I initially saw this as a starter soup to be followed by a more substantial main course, but it wound up being the main event for us. The beauty of the DIY garnishes is that you can make your own portion as chunky--or not--as you please. As we reached the end of our meal, I noticed that my plate looked like the dregs of an overdressed salad, while Mary's was distinctly soupy. Chacun(e) à son gout!
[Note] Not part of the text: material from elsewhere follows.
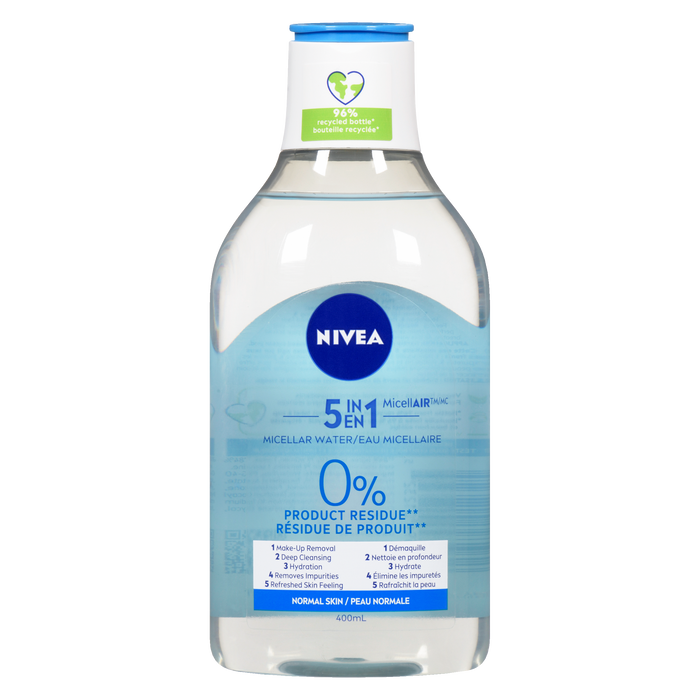 NIVEA MicellAIR Eau Micellaire 5 en 1 Peaux Normales 400 ml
We sated ourselves après-soup with a slice of levain cracked wheat toast, an apple, and some
Marieke gouda. Uncorked a bottle of cold white côtes de gascogne, Domaine d'Arton (less than ten bucks), and I have to tell you, my friends, all things considered, this was about as close to a perfect meal as I can imagine. We eat pretty well around here, you've probably noticed, and sometimes I wonder if I'm becoming a little jaded--but this dinner was so freakin' happy-making, it made me realize anew just how happy-making food can be, and it doesn't have to be anything fancy, just good local stuff of the season prepared with care, presented in its proper context. Voilà: Happy meal, our way.
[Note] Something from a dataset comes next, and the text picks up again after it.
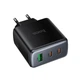 Сетевое зарядное устройство 65W HOCO C160A USB/2хType-C с кабелем Type-C - Type-C - изображение 2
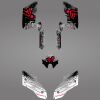GRAPHIC STICKER KIT for Segway AT5-L LIGHT RED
Right, then, a recipe. No cooking involved. The set-up:



Buttermilk Apple & Cucumber Gazpacho
serves two as a main course, four to six as a starter

1 large Asian or English cucumber, or 2 small, thin-skinned slicing cukes
1 apple (I had some of the first gnarly little ones from our land, that's why there are four in the picture; I figure that's about one regular apple)
1 shallot
1 large clove garlic
2 yellow romas tomatoes, or 1 larger yellow or a ripe green tomato like a Green Zebra
1 flavorful red tomato, peeled, seeded, chopped--for garnish
croutons of good, grainy levain bread (mine were from a cracked wheat loaf, just toasted in a skillet with a little butter and olive oil until nicely browned)
1 cup buttermilk
1/4 cup heavy cream
a few sprigs each of chervil and mint
1/2 cup watermelon small dice, optional
lemon juice
salt

In a food processor combine: 1/2 cup water, half the cucumber, half the apple, the shallot, the peeled garlic clove, the yellow or green tomatoes, 1/4 tsp salt (roughly chop all for easier blending; no need to seed apple or cuke). Process for about a minute, till everything is pretty well liquified. Run this mixture through a food mill or pass it through a sieve. Add the buttermilk. Refrigerate for at least one hour. You can do this part up to a day ahead.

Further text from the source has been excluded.